Отпуск по ранению.Сашка
Шрифт:
– Вот и хорошо, – и стала разливать спирт: Сашке в кружку, а себе в мензурку. Потом достала хлебца немного, и… – Смотри, что раздобыла, – и показала ему соленый огурец. – У хозяйки выпросила. Здорово?
– Здорово! С гражданки не ел.
– Ну, давай, Саша… За твое возвращение и за праздничек…
– … за победу, Зина, – серьезно и проникновенно досказал Сашка.
– Конечно. Но главное, за то, что живой ты… Правду сказать, в последние дни совсем надежду потеряла.

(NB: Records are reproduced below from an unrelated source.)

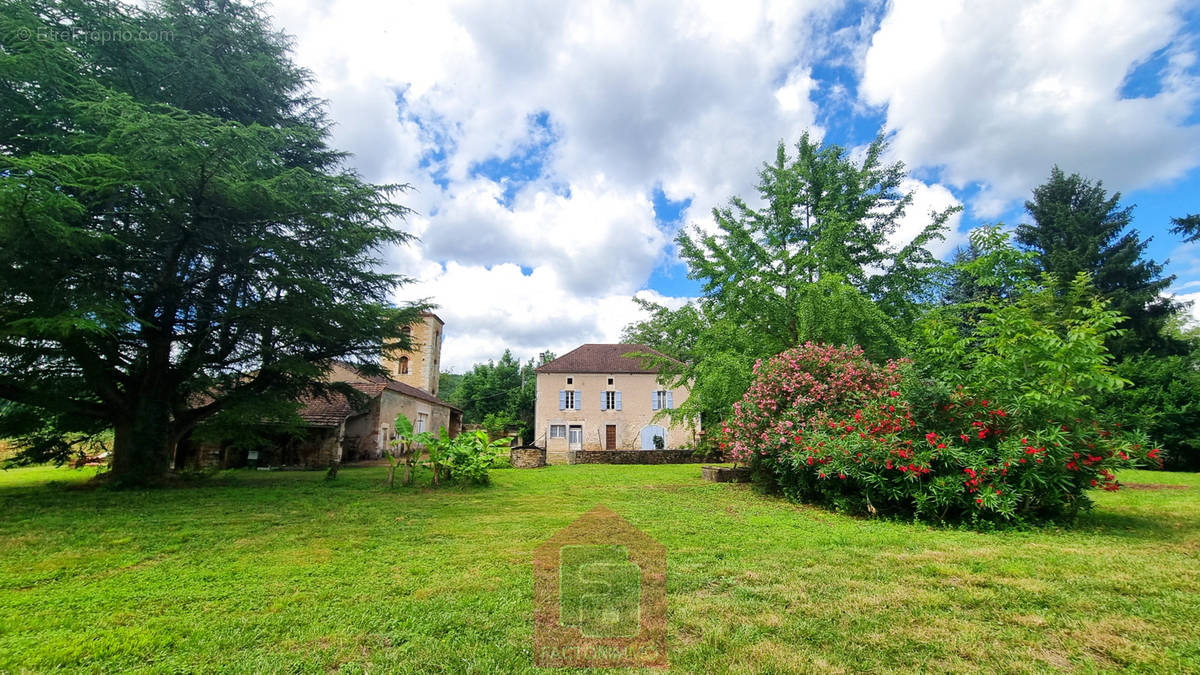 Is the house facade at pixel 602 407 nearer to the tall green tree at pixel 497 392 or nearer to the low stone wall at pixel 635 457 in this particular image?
the low stone wall at pixel 635 457

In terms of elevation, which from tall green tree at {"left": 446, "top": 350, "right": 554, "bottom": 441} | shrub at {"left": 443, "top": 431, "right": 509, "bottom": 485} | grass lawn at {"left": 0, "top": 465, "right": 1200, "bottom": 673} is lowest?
grass lawn at {"left": 0, "top": 465, "right": 1200, "bottom": 673}

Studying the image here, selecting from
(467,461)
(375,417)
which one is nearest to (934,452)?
(467,461)

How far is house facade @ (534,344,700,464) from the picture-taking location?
27703 millimetres

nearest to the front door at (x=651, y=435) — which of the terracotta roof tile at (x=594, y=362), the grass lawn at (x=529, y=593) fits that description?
the terracotta roof tile at (x=594, y=362)

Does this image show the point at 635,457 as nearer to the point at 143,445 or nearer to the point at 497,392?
the point at 143,445

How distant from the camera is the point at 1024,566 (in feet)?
13.8

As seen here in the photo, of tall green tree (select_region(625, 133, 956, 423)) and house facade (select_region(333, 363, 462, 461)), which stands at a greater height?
tall green tree (select_region(625, 133, 956, 423))

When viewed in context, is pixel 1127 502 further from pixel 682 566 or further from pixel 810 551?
pixel 682 566

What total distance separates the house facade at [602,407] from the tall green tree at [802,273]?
1300 cm

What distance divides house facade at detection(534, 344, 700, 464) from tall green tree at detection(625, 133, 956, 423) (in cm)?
1300

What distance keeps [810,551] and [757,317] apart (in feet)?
30.6

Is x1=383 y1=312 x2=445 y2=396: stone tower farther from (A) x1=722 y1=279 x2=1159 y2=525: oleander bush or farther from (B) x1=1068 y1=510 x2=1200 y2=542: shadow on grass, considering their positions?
(B) x1=1068 y1=510 x2=1200 y2=542: shadow on grass

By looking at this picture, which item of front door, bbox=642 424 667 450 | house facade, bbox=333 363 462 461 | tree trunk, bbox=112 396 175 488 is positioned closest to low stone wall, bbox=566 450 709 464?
house facade, bbox=333 363 462 461

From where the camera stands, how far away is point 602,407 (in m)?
28.0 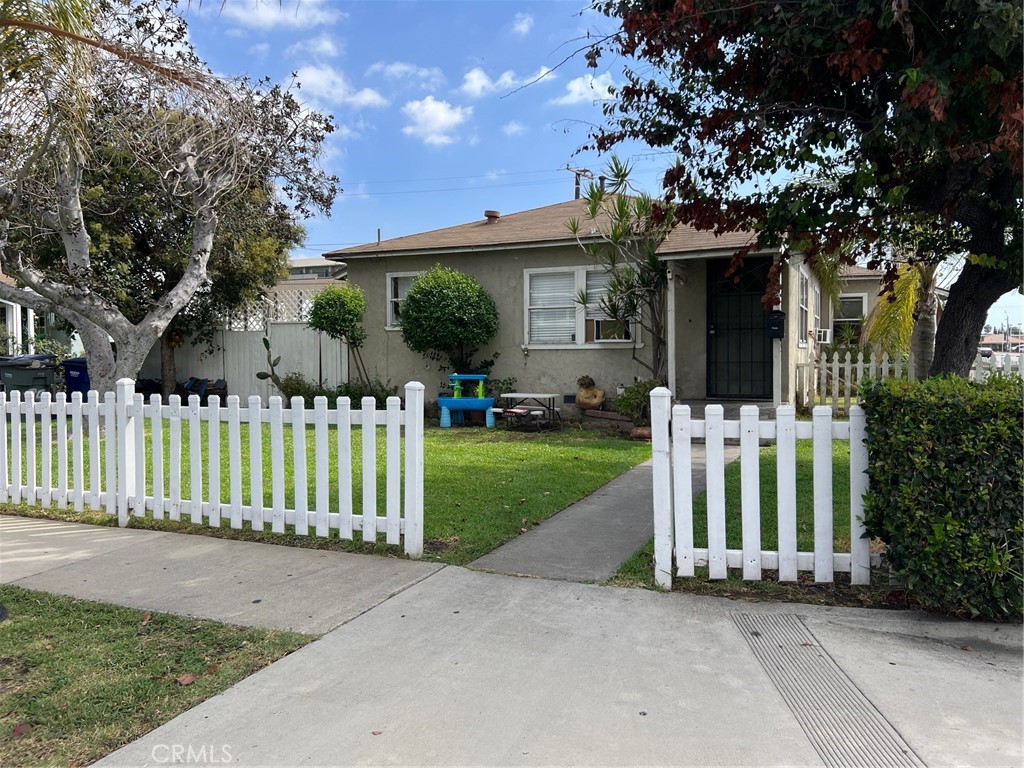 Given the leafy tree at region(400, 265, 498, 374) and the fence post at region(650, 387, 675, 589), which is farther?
the leafy tree at region(400, 265, 498, 374)

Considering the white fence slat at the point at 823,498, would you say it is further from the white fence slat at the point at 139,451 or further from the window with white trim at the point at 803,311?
the window with white trim at the point at 803,311

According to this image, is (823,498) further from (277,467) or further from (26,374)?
(26,374)

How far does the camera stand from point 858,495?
174 inches

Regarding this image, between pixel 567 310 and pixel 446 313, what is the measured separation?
243cm

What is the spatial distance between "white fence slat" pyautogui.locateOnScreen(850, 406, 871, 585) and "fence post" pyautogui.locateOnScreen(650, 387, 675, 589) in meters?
1.11

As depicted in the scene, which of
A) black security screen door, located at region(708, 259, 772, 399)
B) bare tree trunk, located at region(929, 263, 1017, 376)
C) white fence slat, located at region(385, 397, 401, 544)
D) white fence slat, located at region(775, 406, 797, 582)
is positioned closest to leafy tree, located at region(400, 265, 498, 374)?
black security screen door, located at region(708, 259, 772, 399)

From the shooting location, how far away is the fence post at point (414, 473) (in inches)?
207

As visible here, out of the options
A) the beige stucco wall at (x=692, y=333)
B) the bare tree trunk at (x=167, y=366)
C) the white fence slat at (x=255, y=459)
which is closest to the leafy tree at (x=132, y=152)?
the white fence slat at (x=255, y=459)

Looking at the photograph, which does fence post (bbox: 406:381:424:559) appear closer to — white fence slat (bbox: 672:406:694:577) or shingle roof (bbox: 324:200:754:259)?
white fence slat (bbox: 672:406:694:577)

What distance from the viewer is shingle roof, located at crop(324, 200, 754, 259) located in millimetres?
12516

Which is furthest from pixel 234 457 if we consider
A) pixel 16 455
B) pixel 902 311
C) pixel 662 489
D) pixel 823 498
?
pixel 902 311

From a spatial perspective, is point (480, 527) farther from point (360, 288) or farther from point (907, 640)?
point (360, 288)

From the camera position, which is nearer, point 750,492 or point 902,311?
point 750,492

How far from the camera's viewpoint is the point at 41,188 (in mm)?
10367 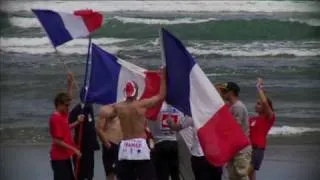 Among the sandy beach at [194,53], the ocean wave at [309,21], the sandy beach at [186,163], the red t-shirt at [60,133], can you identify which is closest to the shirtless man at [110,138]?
the red t-shirt at [60,133]

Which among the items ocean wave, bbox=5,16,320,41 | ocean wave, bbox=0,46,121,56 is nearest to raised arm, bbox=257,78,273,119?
ocean wave, bbox=0,46,121,56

Думала, вот и не успела узнать тебя как следует, не успела отблагодарить за то… что в эшелоне, и вот все,
Спирт огнем прошелся по Сашкиному телу, и стало ему хорошо, так хорошо, как никогда в жизни. Зинина рука лежала в его заскорузлых обожженных пальцах, и тепло от нее доходило до самого его сердца.
И отошло куда-то все, что было в эти месяцы, ушло страшным сном, стало небылью, а в мире только эта изба, неяркий свет керосиновой лампы, тишина, прерываемая неровным дыханием раненых, и Зина, ее руки, ее глаза, смотрящие на него ласково и жалостливо.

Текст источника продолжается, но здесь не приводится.